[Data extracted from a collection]
##########

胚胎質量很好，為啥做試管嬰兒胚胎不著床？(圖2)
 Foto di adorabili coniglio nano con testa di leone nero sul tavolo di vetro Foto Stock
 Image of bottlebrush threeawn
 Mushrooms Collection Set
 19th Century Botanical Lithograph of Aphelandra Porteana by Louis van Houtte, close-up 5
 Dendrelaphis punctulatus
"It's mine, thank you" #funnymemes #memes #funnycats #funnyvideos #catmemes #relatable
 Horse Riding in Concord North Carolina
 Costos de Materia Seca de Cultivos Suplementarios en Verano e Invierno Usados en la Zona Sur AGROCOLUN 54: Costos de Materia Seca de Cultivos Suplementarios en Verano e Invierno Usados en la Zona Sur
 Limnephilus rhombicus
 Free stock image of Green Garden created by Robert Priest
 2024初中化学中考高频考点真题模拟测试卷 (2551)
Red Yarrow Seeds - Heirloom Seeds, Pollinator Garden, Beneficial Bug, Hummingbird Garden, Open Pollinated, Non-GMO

##########

◆ What you need to do: The task requires an exact copy of all the lines above.

◆ Task solution:
胚胎質量很好，為啥做試管嬰兒胚胎不著床？(圖2)
 Foto di adorabili coniglio nano con testa di leone nero sul tavolo di vetro Foto Stock
 Image of bottlebrush threeawn
 Mushrooms Collection Set
 19th Century Botanical Lithograph of Aphelandra Porteana by Louis van Houtte, close-up 5
 Dendrelaphis punctulatus
"It's mine, thank you" #funnymemes #memes #funnycats #funnyvideos #catmemes #relatable
 Horse Riding in Concord North Carolina
 Costos de Materia Seca de Cultivos Suplementarios en Verano e Invierno Usados en la Zona Sur AGROCOLUN 54: Costos de Materia Seca de Cultivos Suplementarios en Verano e Invierno Usados en la Zona Sur
 Limnephilus rhombicus
 Free stock image of Green Garden created by Robert Priest
 2024初中化学中考高频考点真题模拟测试卷 (2551)
Red Yarrow Seeds - Heirloom Seeds, Pollinator Garden, Beneficial Bug, Hummingbird Garden, Open Pollinated, Non-GMO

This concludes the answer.